Again, going to a nursery is a good idea.
Plant Perennials & Easy-Care Plants
If you’re going to plant flowers or any other plants, stick to plants that you can count on coming back year after year. Specifically, perennials are typically the best value for your lawn and will save you from needing to re-plant each year. Research perennials that will thrive in your climate and strategically place them around your yard. You can also which types of plants thrive in your area with little to no intervention from you and can use what you learn to make sure your lawn requires little care to keep looking beautiful.
Pay Attention to Care Guidelines
Caring for your plants means more than simply heading out with a hose once in a while. You need to know what each plant’s requirements.
For example, you should know how often to water and mulch, what type of drainage is best for your plants, what soil to use and whether your plants need fertilizer, and shade or sun. Consider planting species with similar needs close to one another to save you time and trouble.

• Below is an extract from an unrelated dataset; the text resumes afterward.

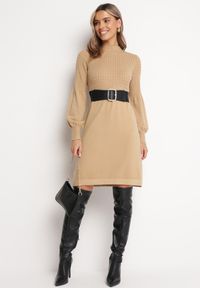 Born2be - Ciemnobeżowa Sweterkowa Sukienka z Półgolfem Deulia. Kolor: beżowy. Materiał: dzianina. Sezon: jesień, zima #4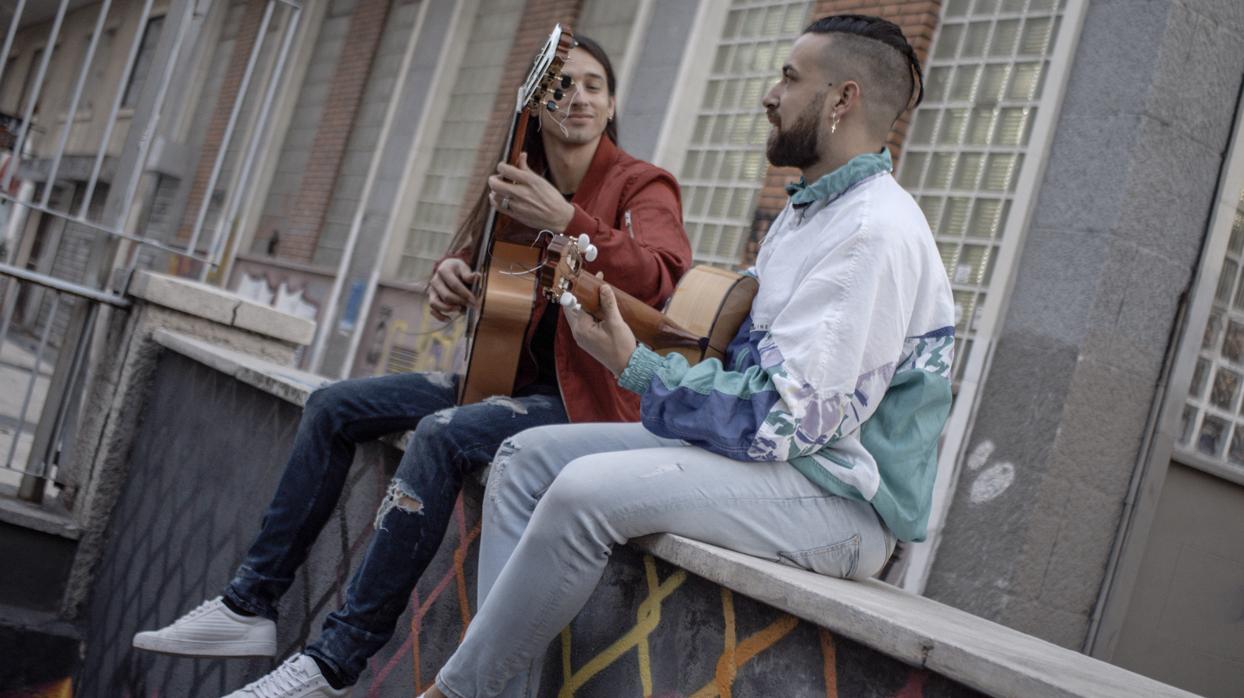 El dúo Uña y Carne, tocando en una calle de Alicante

In a Drought Zone? Look Into Xeriscaping
While xeriscaping, also known as drought-resistant landscaping, was developed for the unique needs of the hot, desert Southwest, the concept has grown to encompass principles that work in any planting zone or climate.
Xeriscaping is a way of looking at your local environment and developing a plan that is consistent with the plants that naturally thrive there with little human help. Once established, your local xeriscape needs only periodic attention to look beautiful at any time of year.
Consider the Climate
It’s obvious that landscaping needs will differ from the seacoast to the mountains, from northern Minnesota to the Great Plains, and from a hot, humid environment to the sunbaked expanses of Arizona and Nevada. While it is possible to cultivate roses in the desert, or succulents in gardens in the salt-filled fog of Maine or South Carolina, it is much more sensible and environmentally wise to tailor your landscape to your geography’s climate.

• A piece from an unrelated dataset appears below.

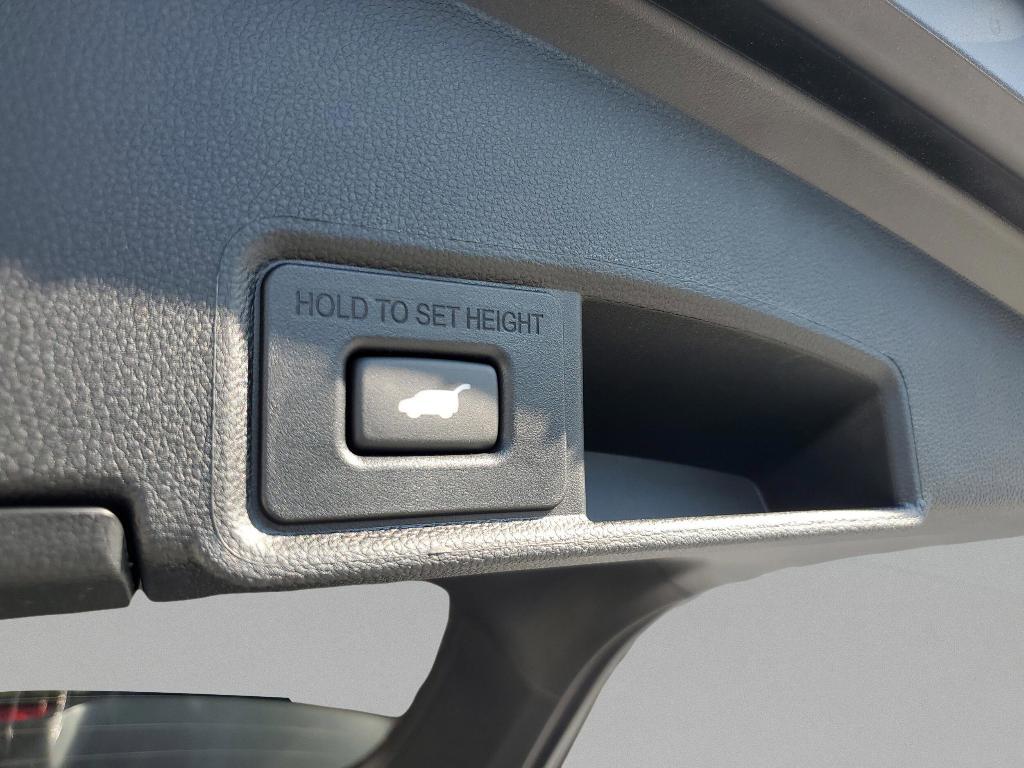 new 2025 Acura RDX car, priced at $52,250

The most satisfying landscapes look as if they developed naturally and can withstand the changing weather conditions of your particular area. If you’re unfamiliar with the locale, be sure to get advice from a local nursery; ask questions or snap pictures of yards that please you.
Also keep in mind water concerns. If your area frequently has to conserve water due to drought conditions, you don't want to add water-hungry plants to your lawn.
Combine Hardscape with Greenery
Have fun with your landscape and plan for privacy, sports, outdoor dining, activities that appeal to your family. Garden structures like trellises and gazebos can provide a place to read or relax. A sandbox is a great addition if you have young children. A fenced area can eliminate the problem of “doggie digging” or muddy feet.
Plan spaces that encourage family togetherness or add a little whimsy. Layer your landscape in front of a fence or wall and leave space for seasonal color if you enjoy spending time outdoors and like to “play in the dirt.”
Also consider that potted annuals generally require little water, and can be moved to take advantage of the sun and natural precipitation.
Use Mixed Materials
Hardscaping with bricks or pavers can be a great way to beautify your backyard and cut down on watering. Mulch beds also serve multiple purposes. For starters, they reduce the amount of grass that needs to be mowed. Second, they provide plants much-needed protection and shelter from the elements. Mulch beds also look appealing and are very inexpensive to install, making them an excellent addition to your property.
Less Is More
While you may be tempted to install a bed with dozens of different plants and flowers because it’ll be beautiful, there’s a downside. The more different plants you have, the more work you’ll have to put into meeting each individual plant’s care and maintenance needs. Instead, why not plant a few larger shrubs or even trees on your property? They’ll still be lovely, will require a lot less work and you can choose flowering varieties for if you want a few pops of color.